■ What is being asked: Copy nothing but the line with "vidaXL MDF Heizkörperverkleidung Schwarz 205 cm vidaXL" and the lines that follow it to the end of the entries below, and keep the pictures out.

■ Information:
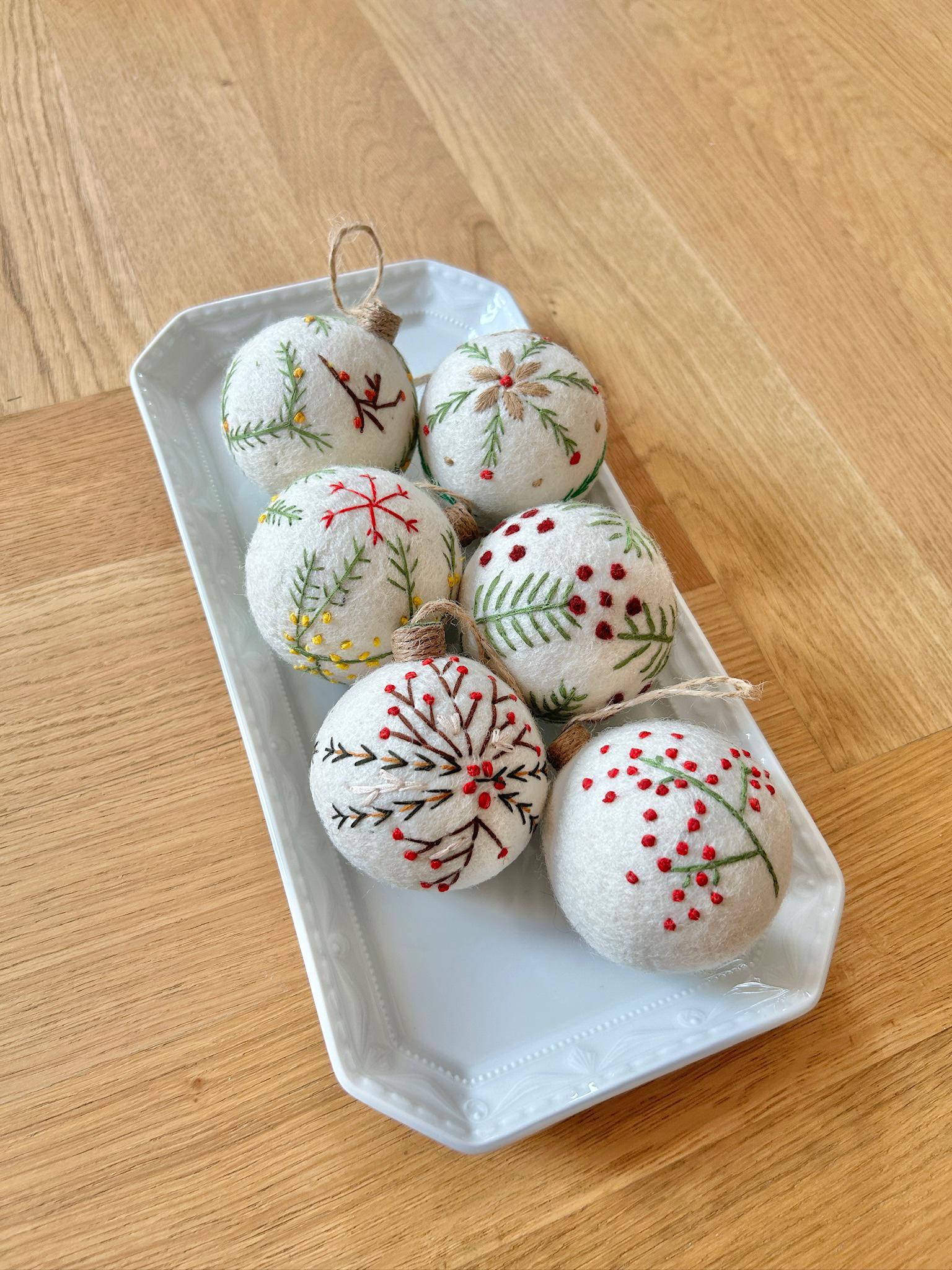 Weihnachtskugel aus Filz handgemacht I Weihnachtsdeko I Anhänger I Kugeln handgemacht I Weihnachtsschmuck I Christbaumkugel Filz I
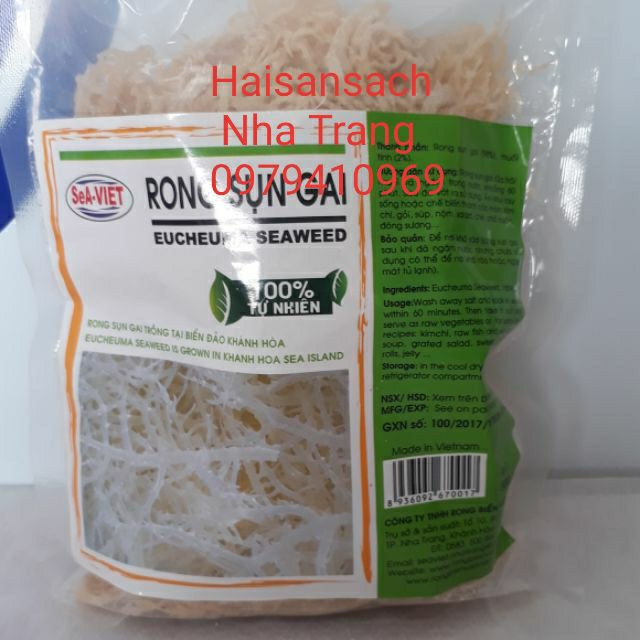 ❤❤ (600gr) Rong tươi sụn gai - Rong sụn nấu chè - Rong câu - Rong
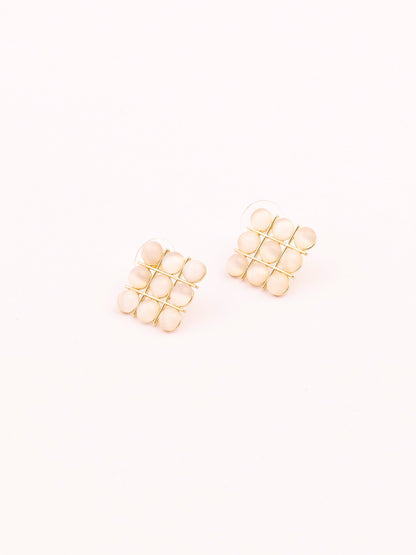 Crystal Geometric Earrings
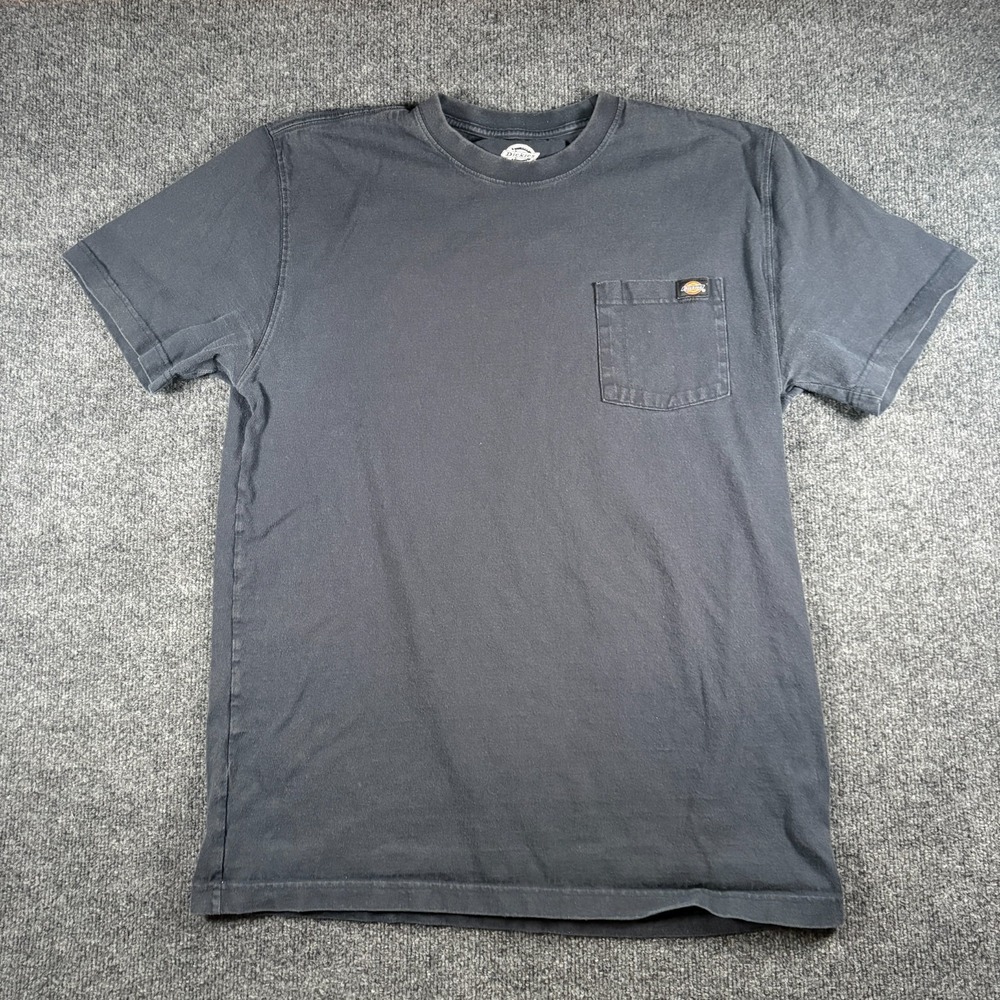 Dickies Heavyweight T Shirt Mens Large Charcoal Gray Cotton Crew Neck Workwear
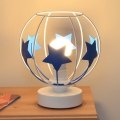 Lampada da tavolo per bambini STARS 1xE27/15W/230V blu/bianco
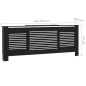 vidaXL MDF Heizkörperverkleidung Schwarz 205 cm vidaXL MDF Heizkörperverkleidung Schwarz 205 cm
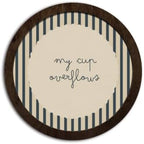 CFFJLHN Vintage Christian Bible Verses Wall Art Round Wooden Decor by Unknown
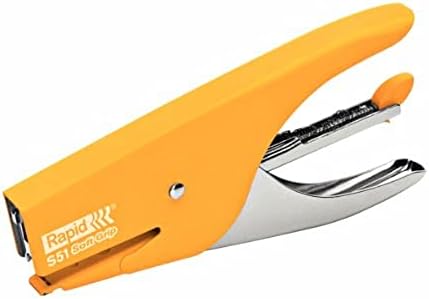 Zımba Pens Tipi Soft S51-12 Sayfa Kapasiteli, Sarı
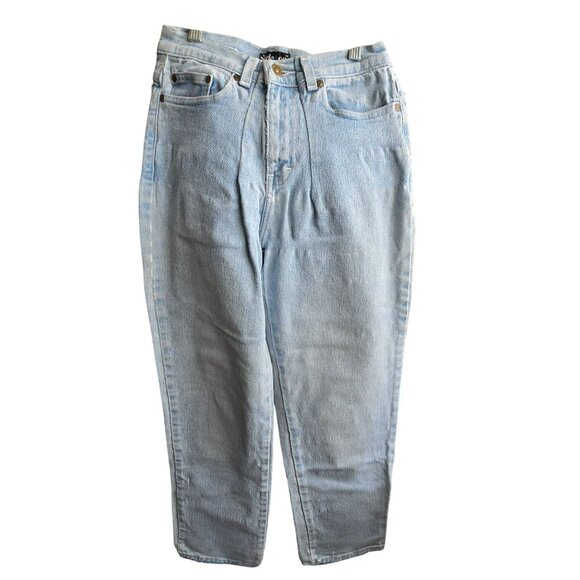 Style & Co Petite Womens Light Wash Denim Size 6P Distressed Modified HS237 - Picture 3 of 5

■ Task response:
 vidaXL MDF Heizkörperverkleidung Schwarz 205 cm vidaXL MDF Heizkörperverkleidung Schwarz 205 cm
 CFFJLHN Vintage Christian Bible Verses Wall Art Round Wooden Decor by Unknown
 Zımba Pens Tipi Soft S51-12 Sayfa Kapasiteli, Sarı
 Style & Co Petite Womens Light Wash Denim Size 6P Distressed Modified HS237 - Picture 3 of 5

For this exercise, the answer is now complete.